Bi-Weekly Report 2

October 30, 2015

Meeting 4

Date 15/10/2015 Time 11-13

This meeting was done during a lab session. At the start of the meeting, each team member brought forward and discussed their findings from their research on ML ETL features on Amazon Web Services and Microsoft Azure. We found that both AWS and Azure offer some data cleaning features such as highlighting missing values and data exploration features such as offering averages and in AWS case, data insights such as unique word count.

During this meeting we also worked on some of the tasks that was set during the previous meeting with our client. Specifically, we wanted to work together on tasks that will benefit all team members. One such task was researching data analysis methods. This includes research on both statistical analysis methods and data visualisation methods.

We looked for the most used data visualisation methods online and researched on when they should be used, which data should the methods be used with, and the limitations of these visualisation methods.
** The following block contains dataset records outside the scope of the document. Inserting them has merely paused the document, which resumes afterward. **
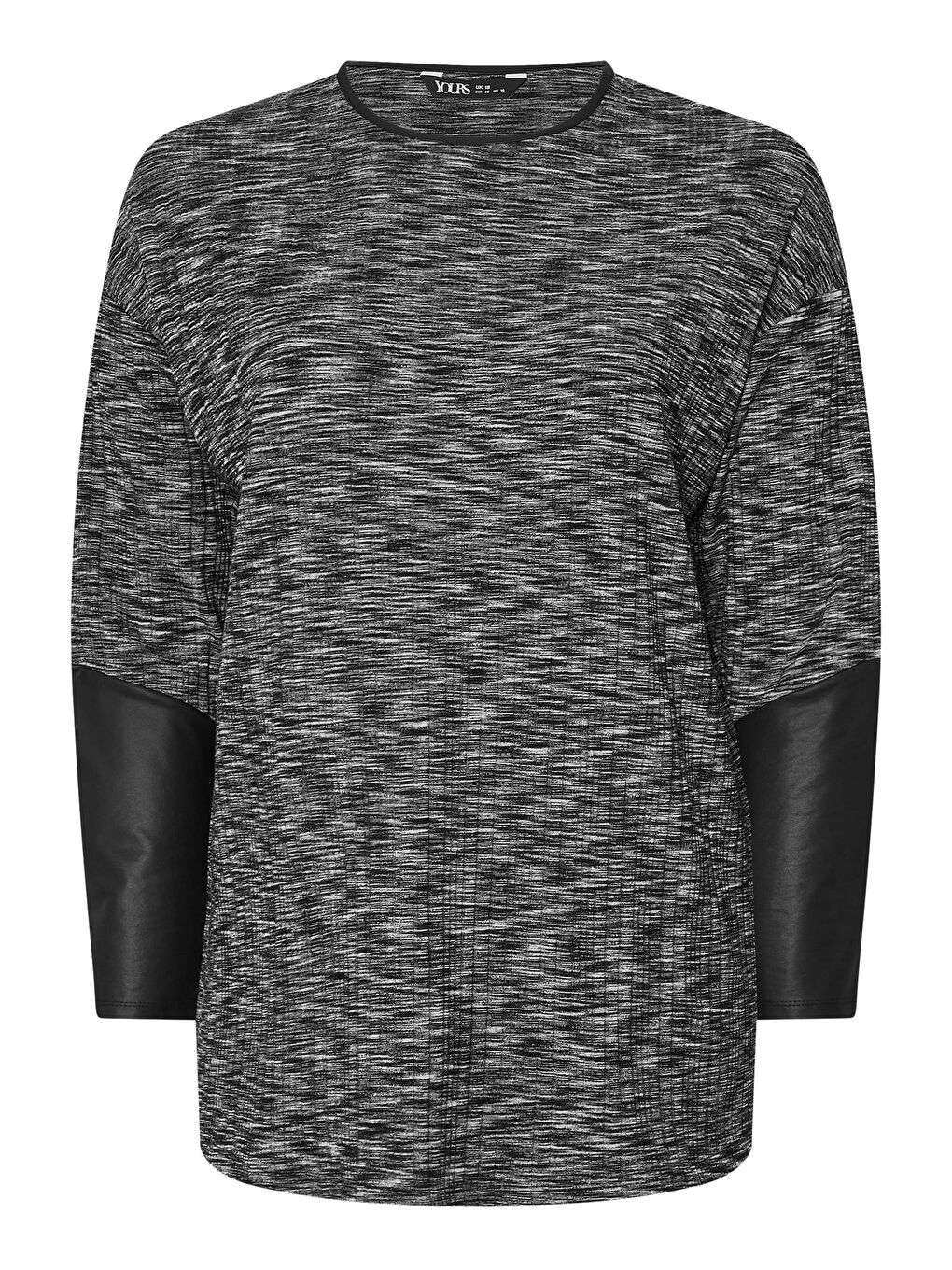 Antrasit Büyük Beden Bisiklet Yaka Uzun Kollu Deri Detaylı T-shirt 303939-5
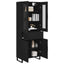 Highboard med skuffe 2 pcs Sort eg Ingeniørtræ og glas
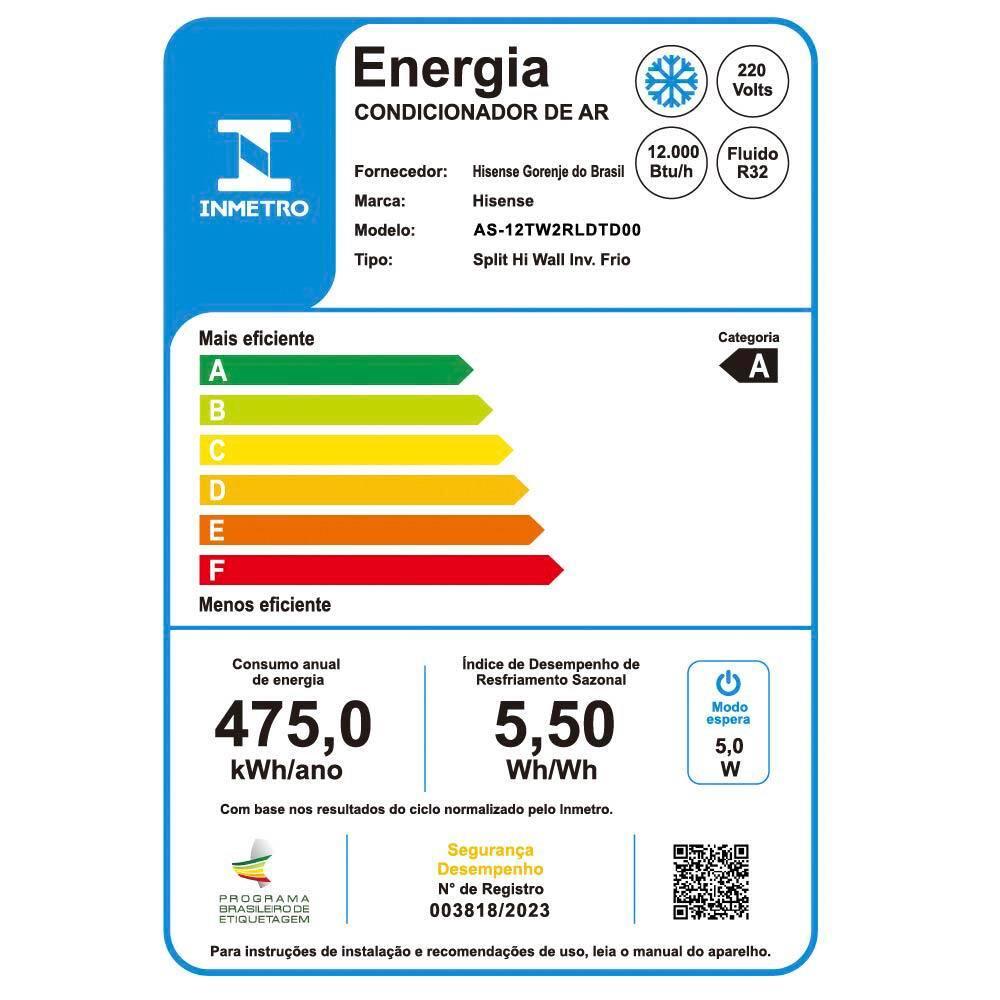 Ar-Condicionado Split Hisense Hi-Wall Inverter 9.000 BTUs Wi-Fi R-32 Frio - 220V - 6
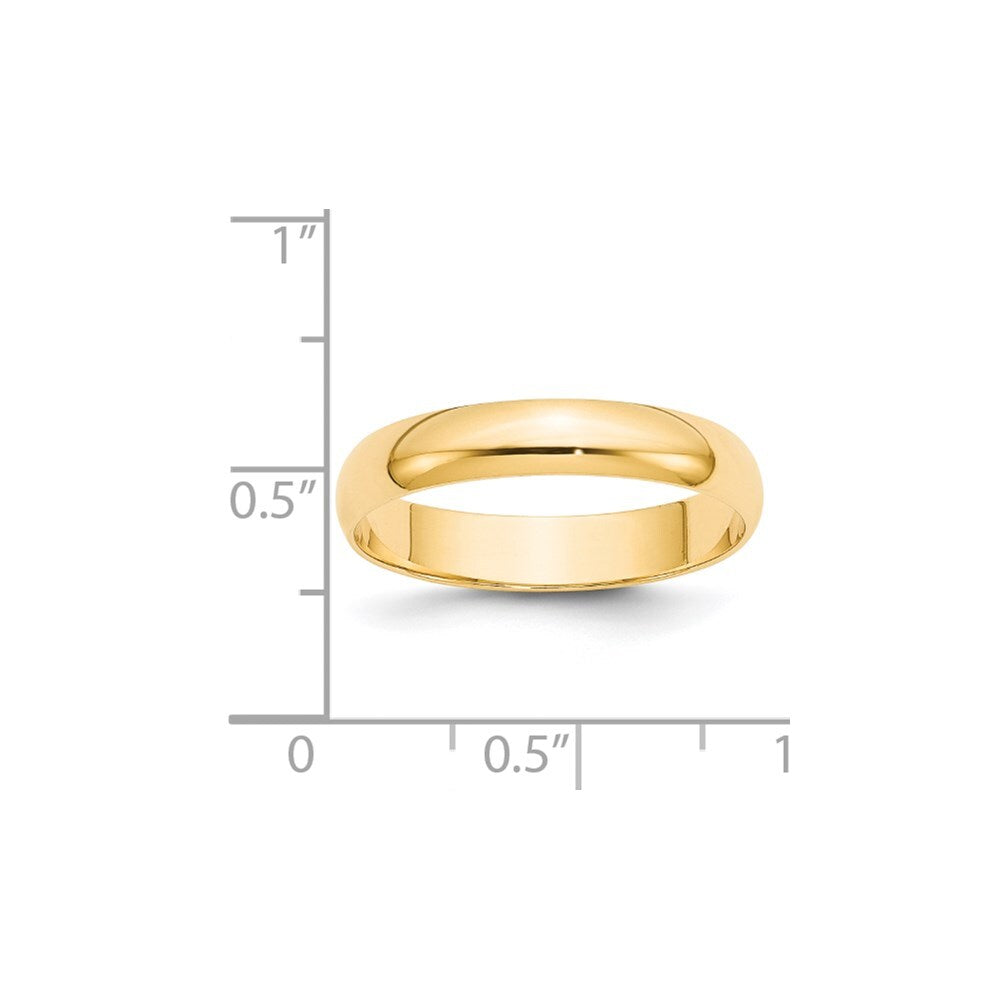 14K Yellow Gold Yellow Gold 4mm Lightweight Half Round Wedding Band Size 5
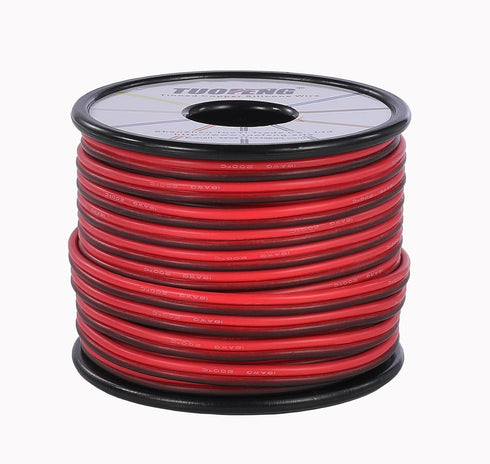 18 AWG Wire Electrical Wires - Flexible Silicone Wire 2 Conductor Parallel Wire (Black 66ft Red 66ft) Stranded Wire Electronic Hook up Wire...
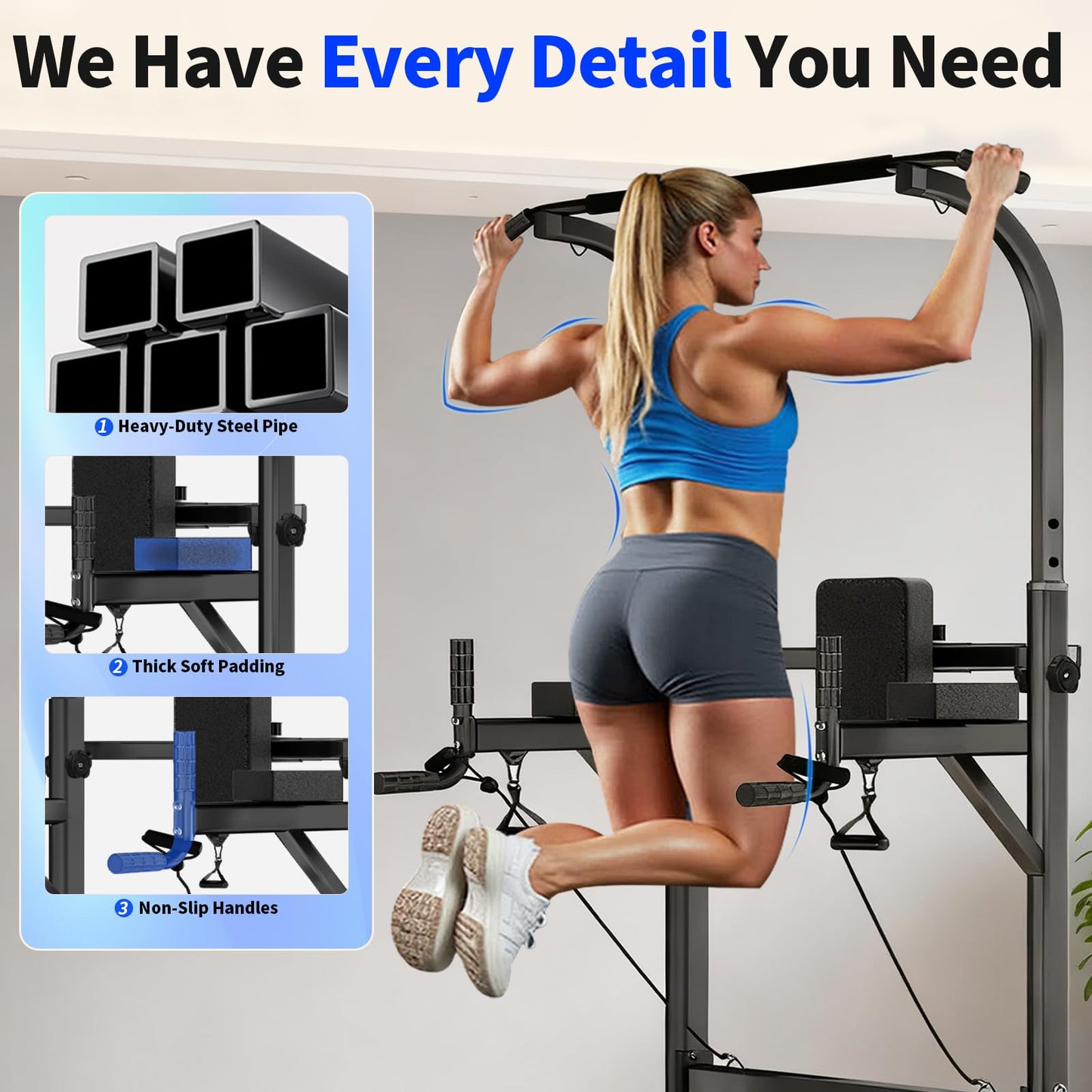Pull Up Bar Power Tower Dip Station, Adjustable Strength Training Equipment for Home Gym Workout, Multi-Function Pull Up and Dip Bar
The visualisation methods we researched on include: histogram, bar chart, pie chart, line chart, and box-plot. One of the thing we discovered during the research is that while pie chart is a popular data visualisation method, it may not always be an appropriate choice, even for the data it is meant to work with. For example, data with many categories, when represented as a pie chart, may appear as many thin slices, which is difficult for the viewer to see the area difference between the slices. We found that histograms are much more suitable for these kind of data.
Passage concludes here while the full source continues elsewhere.